India’s ratings upgrade by Moody’s, which has been done after a gap of 13 years, is a big positive for the nation’s debt markets as well, and will make debt mutual funds an exciting buying opportunity once again. “Improvement in credit ratings is also a very positive development for the debt markets. Here again the markets will benefit from more inflows from pension and other funds. More inflows will lead to bond prices moving higher and softening of yields. Ability of the government and corporates to raise money abroad will also help in reducing bond yields,” says Ashish Kapur, CEO, Invest Shoppe India Ltd.
Based on the above trends, “we can safely say that debt mutual funds will again come back in favour. Returns which had become tepid last year are likely to again inch towards double digit. Hence we believe that debt funds once again offer an exciting buying opportunity,” he adds.

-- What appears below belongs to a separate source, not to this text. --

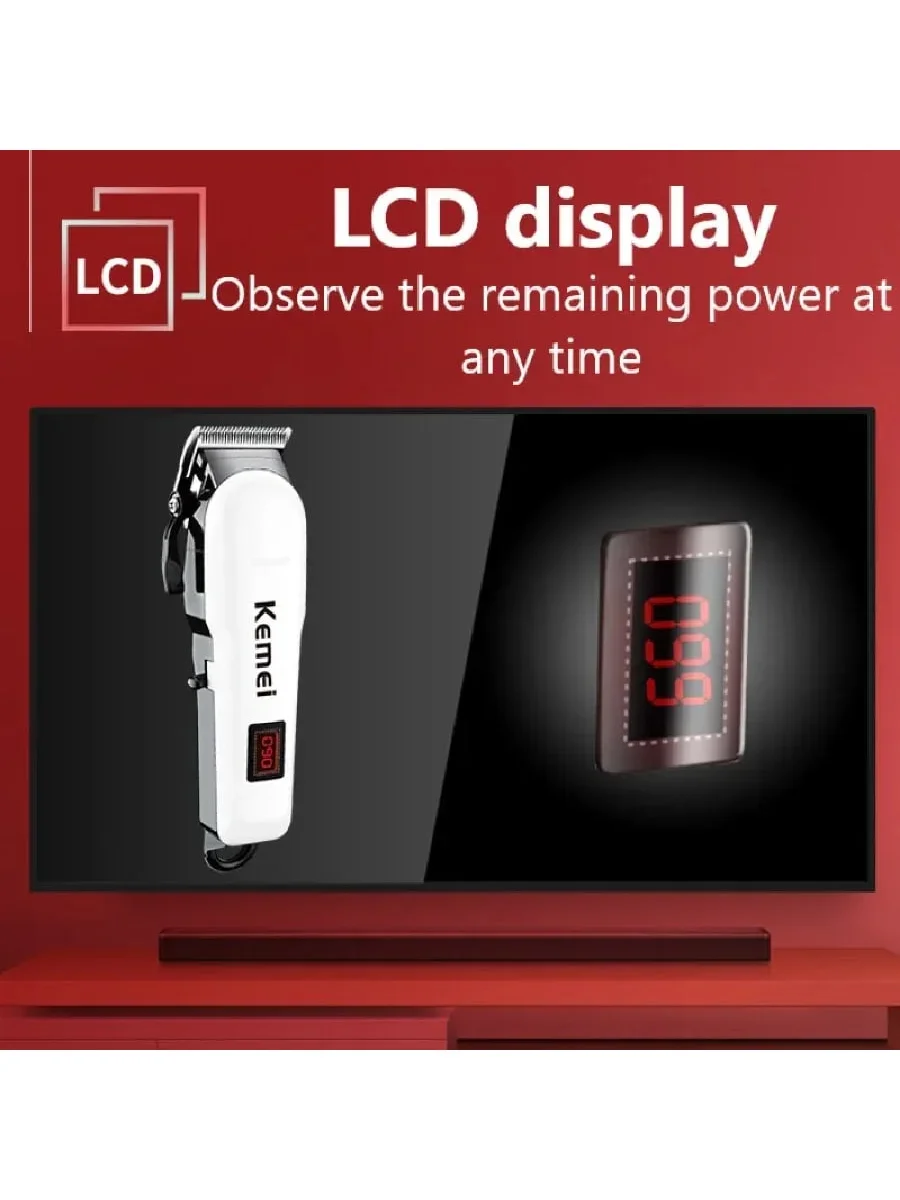 Регулируемая Беспроводная Машинка для стрижки волос со светодиодным дисплеем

Jitendra P S Solanki, MCSI, CTEP, CFP and Financial Planner for Special Needs Dependent Families, says, “For mutual funds, this change in rating should give some respite to long-term debt investors where the 10-year yield has seen a sharp rise. We were seeing lower returns from this category, which should improve now. The 10-year yield has already fallen by 10-11 basis point. For other categories of debt funds, the investment outlook will not change much and investors should expect good returns from them.”
It may be noted that Moody’s decision to upgrade India’s ratings is underpinned by its expectation that continued progress on economic and institutional reforms will, over time, enhance India’s high growth potential and its large and stable financing base for government debt, and will likely contribute to a gradual decline in the general government debt burden over the medium term.
Key elements of the reform program include the Goods and Services Tax (GST) which will, among other things, promote productivity by removing barriers to interstate trade; improvements to the monetary policy framework; measures to address the overhang of non-performing loans (NPLs) in the banking system; and measures such as demonetization, the Aadhaar system of biometric accounts and targeted delivery of benefits through the Direct Benefit Transfer (DBT) system intended to reduce informality in the economy.
Moody’s expects real GDP growth to moderate to 6.7% in the fiscal year ending in March 2018. However, as disruption fades, assisted by recent government measures to support SMEs and exporters with GST compliance, real GDP growth will rise to 7.5% in FY2018, with similarly robust levels of growth from FY2019 onward. Longer term, India’s growth potential is significantly higher than most other Baa-rated sovereigns.